穆涛获鲁奖那年冬天来石,三五好友一起喝酒。我向他祝贺,他却笑呵呵地说,这都是江滨兄培养的啊,你要对此负责。我嘴笨,一时没接上,讷讷无言以对。他说,这些年你给我发了六十多篇文章呢。穆涛记得如此清楚,令我心里一热。那时他在《十月》《文汇读书周报》开着专栏,我以为他并不在意我们这个省级小报,但我错了。穆涛有很浓的故乡情结,河北是他的老家,也是他文学的缘起,这里有他太多的亲朋好友。我所供职的报纸曾经在当地一纸风行,读者遍地,他发了那么多文章,定会得到一些反馈,这无疑连接了他与家乡的情感交流,心灵得到慰藉。穆涛当然不是我培养的,他是以这种调侃的方式向编辑致敬呢。
穆涛写过一篇《会说话》,他讲的是散文写作,是他当编辑的经验,也是他作文的秘诀。在他看来,写文章也是说话,只不过由嘴变成了笔。他说:“会说五句话,差不多就是一流文章,这五句话是,说人话,说实话,说家常话,说中肯的话,说有个性有水平的话。”此说颇有影响,在文坛广为流传。这几句话看似很普通,一点也不高深,仔细琢磨却如高手射箭,箭箭直中靶心。我们平常所看文章,说鬼话,说假话,云山雾罩,荒腔走板,人云亦云,毫无个性见识,如此这般倒也不少见。晚清黄遵宪说“我手写我口”,说什么,怎么说,都大有讲究。

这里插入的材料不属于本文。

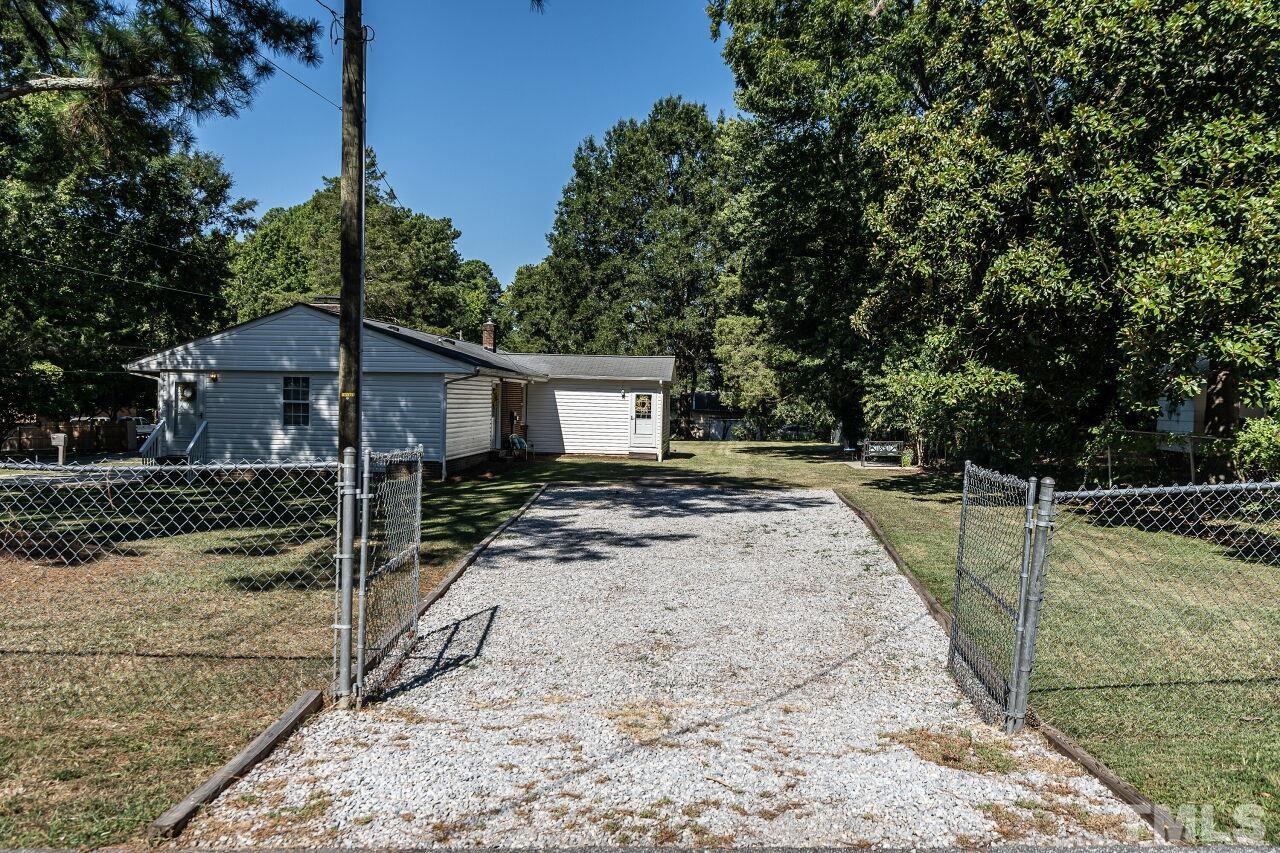 202 Purvis Street Garner, NC 27529 - Photo 26 of 29 a view of a house with backyard and trees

嘴上会说与纸上能言,不见得一致,譬如阿庆嫂一张巧嘴能言善辩、滴水不漏,但让她写出来八成要坐蜡。穆涛却难得的手口如一。穆涛喜欢称散文为文章,其实他的散文也叫作文章更合适。古代文史哲一家,浑然一体,到了五四才把散文彻底文学化了。穆涛成功地实现了“复古”,不只是说他多选材于古事,天文地理,时令节气,经史子集,帝王将相等,更是说他冲决了今之散文的藩篱,并不过多文学藻饰,而是将文史哲重又杂糅一炉,这种格局与气象在当今文坛的确十分罕有,难怪有人称之为“穆涛体”。穆涛可谓“大散文”的践行者,大大拓展了散文的疆域。记得那年饭后,我陪他逛报社附近的一家小书店,他一下子买了几十本书,大多都是非文学类的冷门书,驳杂造就了他的博大。他写文章虽多说古事,行文除了引文,却并不之乎者也,反倒平实朴素,明白晓畅,如高僧只说家常话,深入浅出,言近旨远,这是穆涛“会说话”的一种硬功夫。